As luzes se apagam, e a música começa a ser tocada. E de repente, os músicos entram por trás do teatro, e Zélia caminha com eles. E ela passa ao meu lado, e esse simples e fortuito “quase” contato me deixa extasiado. Que sorte pegar aquele assento de quina. E ela começa a cantar, uma a uma, canções reunidas num show intitulado “Eu me transformo em outras” (ou quase isso). Só o título é algo com o qual me identifico, pois muitas vezes, de acordo com cada situação, eu acabo me transformando (ou assumindo) outras personalidades, sempre no intuito de poder melhor me adaptar ao ambiente e responder as exigências e anseios alheios de forma mais plausível. E cada canção penetra em meus pensamentos, une-se a minha mente e permite que, naquelas poucas horas, minhas perturbações e angústias sejam esquecidas e remediadas.

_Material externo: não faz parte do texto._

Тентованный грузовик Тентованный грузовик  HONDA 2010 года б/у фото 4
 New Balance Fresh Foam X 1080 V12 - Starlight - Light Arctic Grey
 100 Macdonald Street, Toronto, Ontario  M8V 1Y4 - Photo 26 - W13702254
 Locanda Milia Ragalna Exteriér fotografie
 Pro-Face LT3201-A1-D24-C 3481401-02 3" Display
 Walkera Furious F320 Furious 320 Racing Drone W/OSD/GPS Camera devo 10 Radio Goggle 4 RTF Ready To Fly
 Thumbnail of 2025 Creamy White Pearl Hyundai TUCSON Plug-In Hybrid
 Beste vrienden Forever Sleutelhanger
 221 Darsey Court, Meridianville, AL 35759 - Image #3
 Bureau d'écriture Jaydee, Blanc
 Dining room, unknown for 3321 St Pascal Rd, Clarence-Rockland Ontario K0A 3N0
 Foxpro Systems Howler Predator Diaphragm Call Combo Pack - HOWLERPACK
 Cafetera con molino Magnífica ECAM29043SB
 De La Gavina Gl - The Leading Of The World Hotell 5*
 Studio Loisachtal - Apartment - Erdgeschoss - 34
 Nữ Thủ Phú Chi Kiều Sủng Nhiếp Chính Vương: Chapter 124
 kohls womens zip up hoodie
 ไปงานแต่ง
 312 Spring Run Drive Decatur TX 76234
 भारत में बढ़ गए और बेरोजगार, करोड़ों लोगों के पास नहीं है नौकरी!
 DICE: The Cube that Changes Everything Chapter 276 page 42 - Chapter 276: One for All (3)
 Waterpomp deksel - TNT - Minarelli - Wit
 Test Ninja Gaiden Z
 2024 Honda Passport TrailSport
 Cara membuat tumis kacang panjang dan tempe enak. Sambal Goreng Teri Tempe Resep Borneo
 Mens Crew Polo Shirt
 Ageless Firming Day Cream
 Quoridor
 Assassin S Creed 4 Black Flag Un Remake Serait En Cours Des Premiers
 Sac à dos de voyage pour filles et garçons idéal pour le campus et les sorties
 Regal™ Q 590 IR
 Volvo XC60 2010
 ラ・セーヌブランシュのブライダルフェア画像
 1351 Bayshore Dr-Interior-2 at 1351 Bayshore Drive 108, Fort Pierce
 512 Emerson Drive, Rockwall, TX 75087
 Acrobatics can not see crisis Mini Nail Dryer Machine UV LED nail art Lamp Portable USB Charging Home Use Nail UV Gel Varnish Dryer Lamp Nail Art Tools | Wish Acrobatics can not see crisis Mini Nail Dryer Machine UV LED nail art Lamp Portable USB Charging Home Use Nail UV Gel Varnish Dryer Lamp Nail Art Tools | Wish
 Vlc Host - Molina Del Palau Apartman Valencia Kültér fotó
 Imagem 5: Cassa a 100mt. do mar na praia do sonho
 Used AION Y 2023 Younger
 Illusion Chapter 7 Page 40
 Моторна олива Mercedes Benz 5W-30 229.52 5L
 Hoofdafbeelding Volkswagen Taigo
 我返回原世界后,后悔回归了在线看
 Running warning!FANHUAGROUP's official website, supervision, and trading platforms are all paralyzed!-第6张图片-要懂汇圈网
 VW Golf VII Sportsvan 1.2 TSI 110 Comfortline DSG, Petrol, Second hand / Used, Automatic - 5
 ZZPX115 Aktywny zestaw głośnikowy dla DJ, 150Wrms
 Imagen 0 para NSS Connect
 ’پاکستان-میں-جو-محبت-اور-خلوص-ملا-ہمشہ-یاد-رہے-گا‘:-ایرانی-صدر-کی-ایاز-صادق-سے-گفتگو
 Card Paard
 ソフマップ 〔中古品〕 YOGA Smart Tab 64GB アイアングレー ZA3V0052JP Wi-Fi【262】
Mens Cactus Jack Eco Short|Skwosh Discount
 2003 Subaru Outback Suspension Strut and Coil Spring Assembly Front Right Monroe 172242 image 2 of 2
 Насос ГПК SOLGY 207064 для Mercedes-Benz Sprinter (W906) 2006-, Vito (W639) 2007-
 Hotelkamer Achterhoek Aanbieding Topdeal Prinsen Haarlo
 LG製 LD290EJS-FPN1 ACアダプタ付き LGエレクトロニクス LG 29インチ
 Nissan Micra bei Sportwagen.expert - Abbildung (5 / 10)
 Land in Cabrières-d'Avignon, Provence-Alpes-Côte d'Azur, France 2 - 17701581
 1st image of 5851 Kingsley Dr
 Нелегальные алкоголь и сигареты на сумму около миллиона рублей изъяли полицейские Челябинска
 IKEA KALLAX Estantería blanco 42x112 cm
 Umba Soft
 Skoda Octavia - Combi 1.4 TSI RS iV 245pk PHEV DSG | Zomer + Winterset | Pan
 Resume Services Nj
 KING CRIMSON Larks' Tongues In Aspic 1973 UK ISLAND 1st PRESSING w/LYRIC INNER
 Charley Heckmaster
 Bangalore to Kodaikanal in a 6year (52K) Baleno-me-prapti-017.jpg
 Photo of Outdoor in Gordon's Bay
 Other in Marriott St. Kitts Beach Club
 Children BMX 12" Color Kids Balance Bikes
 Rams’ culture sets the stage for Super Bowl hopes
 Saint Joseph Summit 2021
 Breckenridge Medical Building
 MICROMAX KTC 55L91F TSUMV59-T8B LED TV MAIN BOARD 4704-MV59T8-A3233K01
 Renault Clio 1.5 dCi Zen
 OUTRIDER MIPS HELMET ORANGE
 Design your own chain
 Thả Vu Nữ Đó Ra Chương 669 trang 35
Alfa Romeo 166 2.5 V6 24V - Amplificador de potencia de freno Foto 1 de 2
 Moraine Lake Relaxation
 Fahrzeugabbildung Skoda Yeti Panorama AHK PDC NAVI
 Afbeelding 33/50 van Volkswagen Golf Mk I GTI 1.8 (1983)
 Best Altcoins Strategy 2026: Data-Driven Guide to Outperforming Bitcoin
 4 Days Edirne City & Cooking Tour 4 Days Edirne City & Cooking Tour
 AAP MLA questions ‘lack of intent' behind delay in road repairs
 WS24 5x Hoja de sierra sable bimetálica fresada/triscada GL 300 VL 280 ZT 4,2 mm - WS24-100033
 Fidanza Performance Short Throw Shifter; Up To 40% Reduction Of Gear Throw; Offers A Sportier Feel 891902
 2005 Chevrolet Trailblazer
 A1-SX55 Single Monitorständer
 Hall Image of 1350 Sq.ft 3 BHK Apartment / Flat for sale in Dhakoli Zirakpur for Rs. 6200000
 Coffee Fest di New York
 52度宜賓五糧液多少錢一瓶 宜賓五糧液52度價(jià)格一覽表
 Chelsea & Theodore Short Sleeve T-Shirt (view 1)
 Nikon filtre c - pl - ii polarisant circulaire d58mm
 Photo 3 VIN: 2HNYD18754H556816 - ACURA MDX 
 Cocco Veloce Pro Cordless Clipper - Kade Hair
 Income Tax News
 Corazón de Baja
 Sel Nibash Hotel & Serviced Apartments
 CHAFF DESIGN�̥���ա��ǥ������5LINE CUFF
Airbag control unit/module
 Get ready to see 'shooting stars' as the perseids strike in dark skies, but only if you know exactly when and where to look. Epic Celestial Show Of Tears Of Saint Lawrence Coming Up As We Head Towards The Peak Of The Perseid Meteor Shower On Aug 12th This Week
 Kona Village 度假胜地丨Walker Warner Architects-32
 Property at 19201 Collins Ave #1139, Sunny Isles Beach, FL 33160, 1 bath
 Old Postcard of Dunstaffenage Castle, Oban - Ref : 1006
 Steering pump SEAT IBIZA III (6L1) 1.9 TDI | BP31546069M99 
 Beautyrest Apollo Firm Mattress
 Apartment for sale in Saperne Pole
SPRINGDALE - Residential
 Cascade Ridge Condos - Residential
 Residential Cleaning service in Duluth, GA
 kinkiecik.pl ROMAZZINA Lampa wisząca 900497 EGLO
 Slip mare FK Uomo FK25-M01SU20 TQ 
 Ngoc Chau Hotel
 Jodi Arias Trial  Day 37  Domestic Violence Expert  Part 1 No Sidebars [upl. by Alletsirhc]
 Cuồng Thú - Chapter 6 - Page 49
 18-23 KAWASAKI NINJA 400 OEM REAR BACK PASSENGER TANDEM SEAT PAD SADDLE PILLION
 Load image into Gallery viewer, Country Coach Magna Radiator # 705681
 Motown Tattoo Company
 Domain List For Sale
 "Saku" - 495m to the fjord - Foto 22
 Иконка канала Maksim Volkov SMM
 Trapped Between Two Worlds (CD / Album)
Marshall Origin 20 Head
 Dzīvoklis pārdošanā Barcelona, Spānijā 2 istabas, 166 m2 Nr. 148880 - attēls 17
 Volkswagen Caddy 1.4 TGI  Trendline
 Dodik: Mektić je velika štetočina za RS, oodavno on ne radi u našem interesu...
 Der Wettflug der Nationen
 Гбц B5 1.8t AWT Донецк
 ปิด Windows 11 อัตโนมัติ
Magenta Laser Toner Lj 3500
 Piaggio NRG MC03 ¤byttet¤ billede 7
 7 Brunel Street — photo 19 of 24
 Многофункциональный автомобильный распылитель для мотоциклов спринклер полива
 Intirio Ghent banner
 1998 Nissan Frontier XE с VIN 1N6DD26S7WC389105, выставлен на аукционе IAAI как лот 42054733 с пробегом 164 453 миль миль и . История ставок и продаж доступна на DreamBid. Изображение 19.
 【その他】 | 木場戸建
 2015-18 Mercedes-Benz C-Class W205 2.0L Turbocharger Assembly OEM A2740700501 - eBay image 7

Zélia não possui uma beleza clássica e nem condizente ao estereótipo que muitos procuram e almejam na atualidade (ODEIO ESTEREÓTIPOS). Mas a sua voz, as suas músicas, e seu jeito de ser e de se apresentar a tornam, para mim, um modelo de beleza sem igual, superior a muitas personalidades que cultivam um conceito de belo fútil, fugaz e passageiro. Talvez aí possa se abrir uma vasta e infindável discussão acerca do conceito do “belo”.


Alguém oferece rosas vermelhas a Zélia. Ela as recebe de uma forma doce e educada, e espalha as pétalas por quase todo o seu percurso no palco. Posso ser capaz de afirmar que senti o perfume dessas rosas, e que vi, através desse gesto, que o carinho e admiração de seus fãs estavam, nesse momento, e metaforicamente, pavimentando o caminho artístico dela e fazendo parte de seu “ser” artístico. Nada melhor para justificar o porquê da identificação de muitas pessoas com as canções que estavam sendo apresentadas.


E, como era infelizmente previsível, o show acaba. Mas a tristeza por ter chegado ao fim é eclipsada pelo êxtase e pela felicidade de estar perto e ouvir Zélia, e te ter desfrutado de momentos de puro prazer. Posso afirmar que o sentimento de plena realização é praticamente comparável a um orgasmo, mas um orgasmo que se dá de uma forma harmoniosa e mais duradoura. E muitos daqueles sofrimentos, desilusões, agonias, angústias e incertezas se tornam mesquinhos, pequenos... A felicidade pode residir em detalhes às vezes quase imperceptíveis, e o pouco se torna muito quando bem vivido e apreciado. E também, quase sempre, esses detalhes estão em momentos e situações imprevisíveis.


Obrigado, Zélia Duncan, por ajudar a enxergar meus sentimentos e minha realidade de uma maneira menos negativista, e mais tranqüila. Um show a mais para vc, uma cidade a mais visitada, mas acima de tudo, um grande momento de paz e felicidade para mim.